**PROBLEM DETAILS**
For the entries below, the expected answer is the line with "Little Lord Fauntleroy (1980) poster", the line with "PEUGEOT Rifter Standard", and every line between them, exactly as written, and nothing more.

(Extracted records)
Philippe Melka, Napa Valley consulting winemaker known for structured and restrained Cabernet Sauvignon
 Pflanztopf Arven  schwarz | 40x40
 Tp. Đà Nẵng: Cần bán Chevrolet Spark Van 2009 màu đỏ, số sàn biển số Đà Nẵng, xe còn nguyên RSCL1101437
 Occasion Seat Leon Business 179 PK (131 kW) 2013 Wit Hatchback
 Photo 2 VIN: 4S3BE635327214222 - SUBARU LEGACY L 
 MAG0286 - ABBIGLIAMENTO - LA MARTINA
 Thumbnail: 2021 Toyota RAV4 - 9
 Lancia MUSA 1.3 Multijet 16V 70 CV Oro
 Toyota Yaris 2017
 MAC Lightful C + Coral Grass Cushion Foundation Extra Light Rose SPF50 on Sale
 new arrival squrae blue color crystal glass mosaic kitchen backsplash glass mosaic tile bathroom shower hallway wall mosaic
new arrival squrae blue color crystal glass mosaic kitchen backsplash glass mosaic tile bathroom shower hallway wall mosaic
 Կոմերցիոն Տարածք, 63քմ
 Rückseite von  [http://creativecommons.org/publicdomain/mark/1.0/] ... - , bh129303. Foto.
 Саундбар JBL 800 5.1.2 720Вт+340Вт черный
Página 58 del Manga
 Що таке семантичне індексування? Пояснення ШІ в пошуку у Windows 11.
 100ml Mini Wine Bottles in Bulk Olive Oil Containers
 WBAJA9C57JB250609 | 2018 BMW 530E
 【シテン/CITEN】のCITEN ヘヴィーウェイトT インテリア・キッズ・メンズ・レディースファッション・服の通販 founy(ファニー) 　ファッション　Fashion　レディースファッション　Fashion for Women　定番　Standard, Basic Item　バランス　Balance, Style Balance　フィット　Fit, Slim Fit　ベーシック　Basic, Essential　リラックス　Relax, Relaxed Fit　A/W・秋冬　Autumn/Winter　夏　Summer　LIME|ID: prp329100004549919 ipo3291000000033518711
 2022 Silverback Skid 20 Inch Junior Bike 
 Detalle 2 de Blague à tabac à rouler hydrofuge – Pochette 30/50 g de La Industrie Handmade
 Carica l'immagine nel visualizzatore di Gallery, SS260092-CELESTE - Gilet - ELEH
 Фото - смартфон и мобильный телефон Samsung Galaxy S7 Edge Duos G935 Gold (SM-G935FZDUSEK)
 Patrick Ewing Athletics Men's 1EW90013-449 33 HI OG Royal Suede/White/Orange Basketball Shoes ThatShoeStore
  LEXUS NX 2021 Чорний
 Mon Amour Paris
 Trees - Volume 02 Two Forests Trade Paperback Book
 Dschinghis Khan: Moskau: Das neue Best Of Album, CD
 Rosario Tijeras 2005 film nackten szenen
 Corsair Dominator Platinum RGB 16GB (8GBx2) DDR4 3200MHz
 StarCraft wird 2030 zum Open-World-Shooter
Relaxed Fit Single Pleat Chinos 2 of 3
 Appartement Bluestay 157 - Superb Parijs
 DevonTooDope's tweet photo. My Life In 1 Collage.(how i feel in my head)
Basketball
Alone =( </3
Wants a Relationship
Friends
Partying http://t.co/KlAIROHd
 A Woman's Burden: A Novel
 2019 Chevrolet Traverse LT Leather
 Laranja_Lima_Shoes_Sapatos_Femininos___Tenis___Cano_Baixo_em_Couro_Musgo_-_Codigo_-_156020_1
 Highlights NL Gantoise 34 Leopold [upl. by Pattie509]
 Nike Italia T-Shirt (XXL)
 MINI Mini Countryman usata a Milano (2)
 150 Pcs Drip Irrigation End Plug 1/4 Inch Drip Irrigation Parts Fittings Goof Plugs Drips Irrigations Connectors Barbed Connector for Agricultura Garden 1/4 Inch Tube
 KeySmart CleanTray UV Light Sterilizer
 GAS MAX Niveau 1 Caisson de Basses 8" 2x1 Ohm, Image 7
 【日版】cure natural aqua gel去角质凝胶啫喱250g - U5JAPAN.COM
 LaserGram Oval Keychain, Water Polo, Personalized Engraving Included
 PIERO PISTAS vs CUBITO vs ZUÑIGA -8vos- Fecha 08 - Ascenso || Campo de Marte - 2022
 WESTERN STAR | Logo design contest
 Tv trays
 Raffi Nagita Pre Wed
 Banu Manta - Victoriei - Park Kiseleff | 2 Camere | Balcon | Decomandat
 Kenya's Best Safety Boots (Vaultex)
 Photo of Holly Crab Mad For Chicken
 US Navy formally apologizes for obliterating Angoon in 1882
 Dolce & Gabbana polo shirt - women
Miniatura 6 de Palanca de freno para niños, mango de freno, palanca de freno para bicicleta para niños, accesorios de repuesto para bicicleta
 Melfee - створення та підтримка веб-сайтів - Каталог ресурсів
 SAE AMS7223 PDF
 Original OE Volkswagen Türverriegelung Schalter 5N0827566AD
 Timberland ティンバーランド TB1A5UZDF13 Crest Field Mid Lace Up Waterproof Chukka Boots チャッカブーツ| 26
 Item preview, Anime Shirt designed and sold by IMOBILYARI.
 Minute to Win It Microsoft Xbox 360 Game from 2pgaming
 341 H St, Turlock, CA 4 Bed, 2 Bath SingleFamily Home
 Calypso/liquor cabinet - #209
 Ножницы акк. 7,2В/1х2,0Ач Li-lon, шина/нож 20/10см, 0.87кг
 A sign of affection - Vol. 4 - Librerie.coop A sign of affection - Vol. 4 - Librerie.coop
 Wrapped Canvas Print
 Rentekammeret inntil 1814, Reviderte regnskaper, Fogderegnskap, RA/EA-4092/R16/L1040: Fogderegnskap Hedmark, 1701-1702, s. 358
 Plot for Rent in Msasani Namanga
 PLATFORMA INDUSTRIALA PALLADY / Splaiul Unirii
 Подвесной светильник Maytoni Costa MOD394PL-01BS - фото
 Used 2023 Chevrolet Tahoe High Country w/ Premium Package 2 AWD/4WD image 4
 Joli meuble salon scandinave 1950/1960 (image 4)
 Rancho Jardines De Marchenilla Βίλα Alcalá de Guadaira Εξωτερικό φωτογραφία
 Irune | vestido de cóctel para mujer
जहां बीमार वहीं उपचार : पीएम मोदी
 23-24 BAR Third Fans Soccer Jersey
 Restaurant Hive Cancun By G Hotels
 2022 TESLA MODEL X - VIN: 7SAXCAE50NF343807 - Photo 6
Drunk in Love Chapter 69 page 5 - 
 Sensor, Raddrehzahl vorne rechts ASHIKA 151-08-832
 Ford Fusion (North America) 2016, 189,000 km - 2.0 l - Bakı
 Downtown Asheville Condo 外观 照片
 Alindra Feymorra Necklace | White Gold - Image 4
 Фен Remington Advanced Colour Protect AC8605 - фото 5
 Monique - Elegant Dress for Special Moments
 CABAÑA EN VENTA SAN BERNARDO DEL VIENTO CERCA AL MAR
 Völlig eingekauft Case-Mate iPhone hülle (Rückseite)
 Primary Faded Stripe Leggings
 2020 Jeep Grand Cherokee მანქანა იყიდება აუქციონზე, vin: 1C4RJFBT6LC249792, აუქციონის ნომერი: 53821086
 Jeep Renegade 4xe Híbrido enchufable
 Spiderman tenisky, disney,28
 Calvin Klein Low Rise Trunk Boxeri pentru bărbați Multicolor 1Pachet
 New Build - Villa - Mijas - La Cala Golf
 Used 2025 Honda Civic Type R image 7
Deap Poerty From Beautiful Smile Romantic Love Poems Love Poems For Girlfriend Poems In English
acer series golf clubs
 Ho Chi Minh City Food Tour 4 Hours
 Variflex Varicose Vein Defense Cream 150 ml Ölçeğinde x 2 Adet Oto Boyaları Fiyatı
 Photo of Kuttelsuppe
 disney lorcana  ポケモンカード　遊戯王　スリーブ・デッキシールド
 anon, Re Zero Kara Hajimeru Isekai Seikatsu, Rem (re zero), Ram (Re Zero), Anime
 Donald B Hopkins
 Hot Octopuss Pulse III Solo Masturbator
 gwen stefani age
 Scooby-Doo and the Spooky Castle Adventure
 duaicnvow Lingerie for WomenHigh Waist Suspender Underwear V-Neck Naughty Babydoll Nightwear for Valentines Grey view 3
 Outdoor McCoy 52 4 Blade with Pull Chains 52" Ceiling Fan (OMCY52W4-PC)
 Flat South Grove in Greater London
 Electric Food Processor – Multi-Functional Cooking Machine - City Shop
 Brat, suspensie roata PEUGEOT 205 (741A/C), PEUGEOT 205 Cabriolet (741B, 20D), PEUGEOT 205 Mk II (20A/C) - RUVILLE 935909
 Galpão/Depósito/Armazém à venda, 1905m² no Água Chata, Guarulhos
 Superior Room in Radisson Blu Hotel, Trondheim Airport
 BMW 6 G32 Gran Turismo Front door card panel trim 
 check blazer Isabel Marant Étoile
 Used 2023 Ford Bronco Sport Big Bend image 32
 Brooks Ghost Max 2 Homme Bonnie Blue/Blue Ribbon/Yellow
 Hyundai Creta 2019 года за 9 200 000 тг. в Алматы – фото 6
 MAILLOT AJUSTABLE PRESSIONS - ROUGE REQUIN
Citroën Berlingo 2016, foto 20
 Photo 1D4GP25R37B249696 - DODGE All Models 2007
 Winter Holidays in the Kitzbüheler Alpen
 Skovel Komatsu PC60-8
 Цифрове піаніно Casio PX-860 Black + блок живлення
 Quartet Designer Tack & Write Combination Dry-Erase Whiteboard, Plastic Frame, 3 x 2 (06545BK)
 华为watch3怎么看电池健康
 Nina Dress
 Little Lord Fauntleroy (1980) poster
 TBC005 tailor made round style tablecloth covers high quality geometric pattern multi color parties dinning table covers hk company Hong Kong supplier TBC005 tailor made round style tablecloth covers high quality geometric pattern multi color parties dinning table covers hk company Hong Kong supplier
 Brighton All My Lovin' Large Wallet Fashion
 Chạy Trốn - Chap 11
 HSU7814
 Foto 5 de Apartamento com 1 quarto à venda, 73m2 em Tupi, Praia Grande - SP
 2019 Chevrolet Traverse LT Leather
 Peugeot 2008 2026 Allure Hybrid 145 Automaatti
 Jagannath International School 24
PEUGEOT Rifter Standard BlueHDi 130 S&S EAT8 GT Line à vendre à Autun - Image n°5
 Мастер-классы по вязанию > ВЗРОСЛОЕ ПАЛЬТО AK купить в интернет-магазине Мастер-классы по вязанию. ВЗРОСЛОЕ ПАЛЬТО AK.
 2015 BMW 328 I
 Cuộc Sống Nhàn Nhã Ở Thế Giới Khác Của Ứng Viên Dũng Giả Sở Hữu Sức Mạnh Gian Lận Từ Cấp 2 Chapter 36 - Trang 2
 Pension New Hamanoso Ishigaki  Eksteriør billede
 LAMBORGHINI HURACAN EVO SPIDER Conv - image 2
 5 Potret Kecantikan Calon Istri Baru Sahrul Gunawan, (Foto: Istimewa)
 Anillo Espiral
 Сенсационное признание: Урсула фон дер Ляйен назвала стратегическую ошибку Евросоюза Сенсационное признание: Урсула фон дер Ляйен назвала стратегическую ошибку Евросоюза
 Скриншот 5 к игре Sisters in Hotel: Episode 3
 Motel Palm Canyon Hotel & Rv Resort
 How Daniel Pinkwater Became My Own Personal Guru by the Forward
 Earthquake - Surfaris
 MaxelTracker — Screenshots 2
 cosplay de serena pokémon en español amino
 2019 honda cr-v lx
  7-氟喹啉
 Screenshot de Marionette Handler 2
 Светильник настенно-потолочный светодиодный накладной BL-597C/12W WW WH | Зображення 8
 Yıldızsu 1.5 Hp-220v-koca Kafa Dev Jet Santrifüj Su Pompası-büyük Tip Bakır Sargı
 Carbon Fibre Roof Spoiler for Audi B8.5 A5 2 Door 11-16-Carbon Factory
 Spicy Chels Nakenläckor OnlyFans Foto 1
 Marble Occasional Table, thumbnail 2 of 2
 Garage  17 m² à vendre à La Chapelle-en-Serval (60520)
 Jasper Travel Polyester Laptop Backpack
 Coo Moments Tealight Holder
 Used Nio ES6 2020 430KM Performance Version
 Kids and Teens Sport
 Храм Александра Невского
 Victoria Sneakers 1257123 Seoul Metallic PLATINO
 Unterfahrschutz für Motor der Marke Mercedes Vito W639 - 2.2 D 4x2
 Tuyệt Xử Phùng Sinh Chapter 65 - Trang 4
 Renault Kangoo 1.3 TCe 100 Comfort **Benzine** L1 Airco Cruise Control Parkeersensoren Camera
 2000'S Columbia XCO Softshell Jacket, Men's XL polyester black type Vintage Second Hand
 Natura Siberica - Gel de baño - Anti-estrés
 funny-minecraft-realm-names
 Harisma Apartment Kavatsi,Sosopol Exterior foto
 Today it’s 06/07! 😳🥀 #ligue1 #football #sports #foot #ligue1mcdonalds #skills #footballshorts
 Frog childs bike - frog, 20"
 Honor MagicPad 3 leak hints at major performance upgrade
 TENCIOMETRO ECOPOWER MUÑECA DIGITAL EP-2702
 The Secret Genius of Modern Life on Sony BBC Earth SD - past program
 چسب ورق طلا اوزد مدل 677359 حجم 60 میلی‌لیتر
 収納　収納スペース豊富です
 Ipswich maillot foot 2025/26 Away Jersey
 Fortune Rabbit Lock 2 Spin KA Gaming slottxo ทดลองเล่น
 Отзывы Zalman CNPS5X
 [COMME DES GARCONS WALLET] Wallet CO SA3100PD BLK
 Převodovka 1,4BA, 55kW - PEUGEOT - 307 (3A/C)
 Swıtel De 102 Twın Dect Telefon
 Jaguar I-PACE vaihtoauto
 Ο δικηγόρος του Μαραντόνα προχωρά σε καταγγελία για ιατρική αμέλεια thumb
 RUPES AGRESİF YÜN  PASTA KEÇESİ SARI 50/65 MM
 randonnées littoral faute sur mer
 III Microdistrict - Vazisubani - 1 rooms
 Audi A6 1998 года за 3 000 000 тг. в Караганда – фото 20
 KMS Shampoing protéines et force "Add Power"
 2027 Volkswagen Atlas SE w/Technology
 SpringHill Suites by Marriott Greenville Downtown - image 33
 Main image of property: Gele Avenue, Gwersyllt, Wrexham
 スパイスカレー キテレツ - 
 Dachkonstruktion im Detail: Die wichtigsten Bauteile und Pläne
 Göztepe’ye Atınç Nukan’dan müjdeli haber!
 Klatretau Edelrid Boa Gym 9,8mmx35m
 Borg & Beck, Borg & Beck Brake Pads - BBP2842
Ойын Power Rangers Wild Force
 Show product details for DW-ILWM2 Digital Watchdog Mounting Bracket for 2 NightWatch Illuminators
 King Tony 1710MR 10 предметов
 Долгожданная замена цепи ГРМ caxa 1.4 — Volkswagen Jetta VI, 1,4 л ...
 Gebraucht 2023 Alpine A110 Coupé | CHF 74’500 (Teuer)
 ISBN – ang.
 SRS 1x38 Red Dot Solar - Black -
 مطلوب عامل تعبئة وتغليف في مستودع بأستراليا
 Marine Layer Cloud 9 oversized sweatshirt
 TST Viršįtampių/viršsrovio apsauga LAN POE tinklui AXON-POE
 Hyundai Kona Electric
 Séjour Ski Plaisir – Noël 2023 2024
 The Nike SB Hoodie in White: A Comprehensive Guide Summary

**SOLUTION**
 Little Lord Fauntleroy (1980) poster
 TBC005 tailor made round style tablecloth covers high quality geometric pattern multi color parties dinning table covers hk company Hong Kong supplier TBC005 tailor made round style tablecloth covers high quality geometric pattern multi color parties dinning table covers hk company Hong Kong supplier
 Brighton All My Lovin' Large Wallet Fashion
 Chạy Trốn - Chap 11
 HSU7814
 Foto 5 de Apartamento com 1 quarto à venda, 73m2 em Tupi, Praia Grande - SP
 2019 Chevrolet Traverse LT Leather
 Peugeot 2008 2026 Allure Hybrid 145 Automaatti
 Jagannath International School 24
PEUGEOT Rifter Standard BlueHDi 130 S&S EAT8 GT Line à vendre à Autun - Image n°5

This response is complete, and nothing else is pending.